Oddly enough, I'm reading two novels in a row that mention/discuss the song "Bernadette," by the Four Tops.

From A Visit from the Goon Squad by Jennifer Egan (this is in the infamous PowerPoint chapter, so I can quote the text but not the formatting):
Right now, [Lincoln's] obsessed with rock songs that have pauses in them.
Songs with Lincoln's Comments:
"Bernadette," by the Four Tops: "This is an excellent early pause. The voice tapers off, and then you've still got 1.5 seconds of total silence, from 2:38 to 2:395, before the chorus kicks back in. You think, Hey, the song didn't end after all—but then, 26.5 seconds later, it does end."
From Anthropology of an American Girl by Hilary Thayer Hamann:
The jukebox finished a song, then whirred to a new start. It was the Four Tops.

Bernadette. People are searching for—
the kind of love that we possessed. 
Some go on searchin' their whole life through
And never find the love I've found in you.

"Do you know the lead singer's name?"

"Levi Stubbs," Mark said matter-of-factly.

I reached for his sleeve. "Listen," I said, adding his name, "Mark. I love this part. The false ending. The way he screams her name. Bern—a—dette."

I sighed. "I'll never be loved like that."

He shook his drink, looking into it. "I doubt that."
I couldn't recall ever hearing "Bernadette" and had no idea that it was so widely known for its false ending/mid-song pause.  So I looked it up. Here it is for your listening pleasure:

The trouble with listening to songs on YouTube or an iPod is the little bar that indicates how long the song is and how much more of it remains, meaning that the false ending can't surprise you the way it could on the radio or an LP record. False endings and hidden tracks are becoming a thing of the past.
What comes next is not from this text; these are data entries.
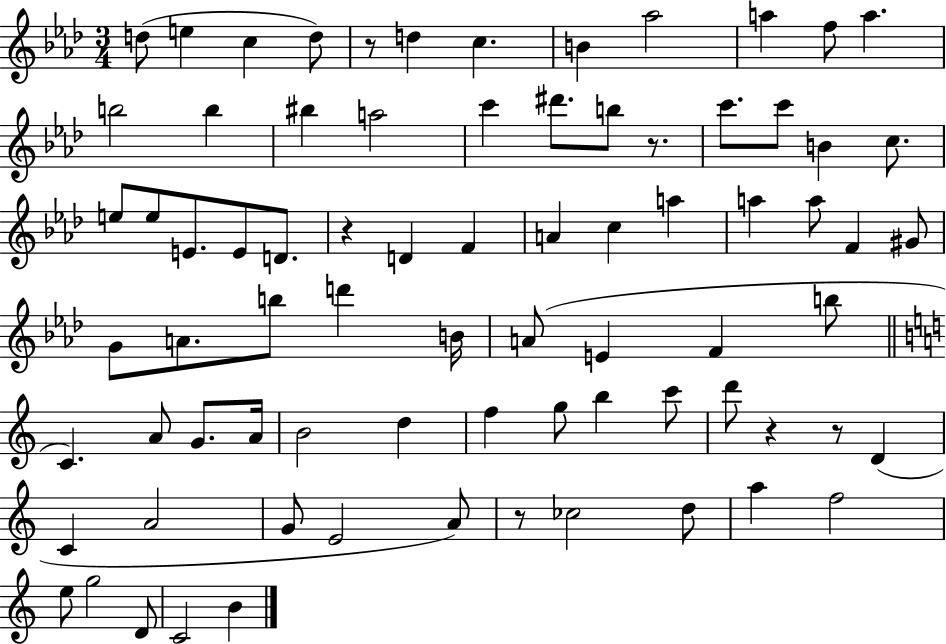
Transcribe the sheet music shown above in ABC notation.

X:1
T:Untitled
M:3/4
L:1/4
K:Ab
d/2 e c d/2 z/2 d c B _a2 a f/2 a b2 b ^b a2 c' ^d'/2 b/2 z/2 c'/2 c'/2 B c/2 e/2 e/2 E/2 E/2 D/2 z D F A c a a a/2 F ^G/2 G/2 A/2 b/2 d' B/4 A/2 E F b/2 C A/2 G/2 A/4 B2 d f g/2 b c'/2 d'/2 z z/2 D C A2 G/2 E2 A/2 z/2 _c2 d/2 a f2 e/2 g2 D/2 C2 B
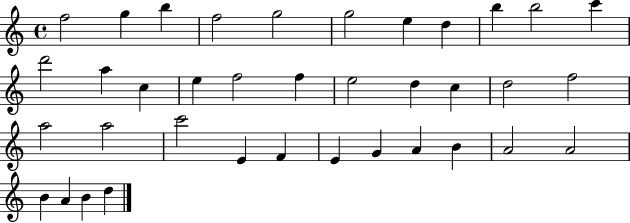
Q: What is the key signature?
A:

Music is more convenient than ever (I mean, how nice that I could look this up on YouTube instantaneously!) and yet less able to surprise us.

Then again, when you read a book, you always know exactly where you are in it and how many pages remain, and that doesn't ruin your enjoyment of it. Why should it be any different when you know exactly how many seconds remain until the end of a song?
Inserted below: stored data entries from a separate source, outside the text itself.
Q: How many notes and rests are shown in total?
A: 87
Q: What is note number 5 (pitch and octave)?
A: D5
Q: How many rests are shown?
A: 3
And now this is making me think of the "Aria with Diverse Variations" dialogue in Gödel Escher Bach where the Tortoise and Achilles discuss exactly this problem.
Tortoise: You've undoubtedly noticed how some authors go to so much trouble to build up great tension a few pages before the end of their stories--but a reader who is holding the book physically in his hands can FEEL that the story is about to end. Hence, he has some extra information which acts as an advance warning, in a way. The tension is a bit spoiled by the physicality of the book. It would be so much better if, for instance, there were a lot of padding at the end of novels.

Achilles: Padding?

Tortoise: Yes; what I mean is, a lot of extra printed pages which are not part of the story proper, but which serve to conceal the exact location of the end from a cursory glance, or from the feel of the book.
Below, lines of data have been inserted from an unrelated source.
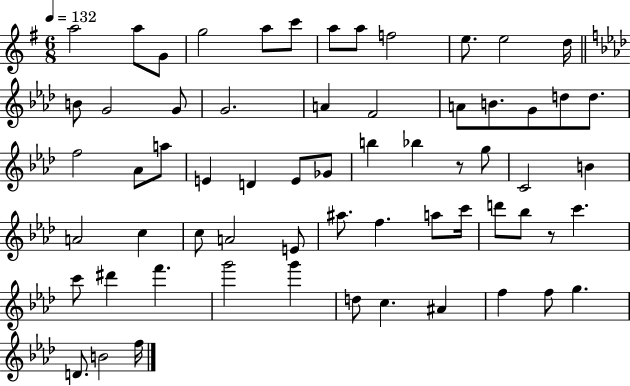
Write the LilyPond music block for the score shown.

{
  \clef treble
  \numericTimeSignature
  \time 6/8
  \key g \major
  \tempo 4 = 132
  a''2 a''8 g'8 | g''2 a''8 c'''8 | a''8 a''8 f''2 | e''8. e''2 d''16 | \break \bar "||" \break \key aes \major b'8 g'2 g'8 | g'2. | a'4 f'2 | a'8 b'8. g'8 d''8 d''8. | \break f''2 aes'8 a''8 | e'4 d'4 e'8 ges'8 | b''4 bes''4 r8 g''8 | c'2 b'4 | \break a'2 c''4 | c''8 a'2 e'8 | ais''8. f''4. a''8 c'''16 | d'''8 bes''8 r8 c'''4. | \break c'''8 dis'''4 f'''4. | g'''2 g'''4 | d''8 c''4. ais'4 | f''4 f''8 g''4. | \break d'8. b'2 f''16 | \bar "|."
}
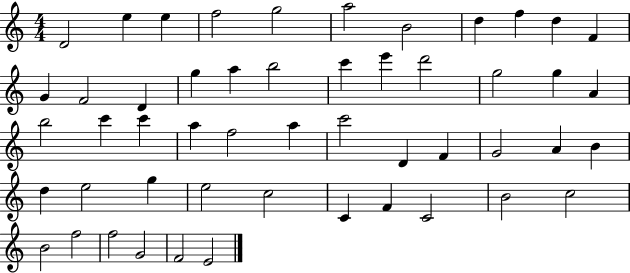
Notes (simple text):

D4/h E5/q E5/q F5/h G5/h A5/h B4/h D5/q F5/q D5/q F4/q G4/q F4/h D4/q G5/q A5/q B5/h C6/q E6/q D6/h G5/h G5/q A4/q B5/h C6/q C6/q A5/q F5/h A5/q C6/h D4/q F4/q G4/h A4/q B4/q D5/q E5/h G5/q E5/h C5/h C4/q F4/q C4/h B4/h C5/h B4/h F5/h F5/h G4/h F4/h E4/h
Achilles: I see. So a story's true ending might occur, say, fifty or a hundred pages before the physical end of the book?

Tortoise: Yes. This would provide an element of surprise, because the reader wouldn't know in advance how many pages are padding, and how many are story.
(And then, because this is Gödel Escher Bach, it all gets very meta.)

I don't have a Kindle, so I'm curious to know: on an e-reader, do you know exactly how much of the text you have remaining, or is it left mysterious? Wouldn't it be funny if the iPod caused this problem for music (of always knowing how long the work of art is) but the Nook or the Kindle eliminated this problem for books?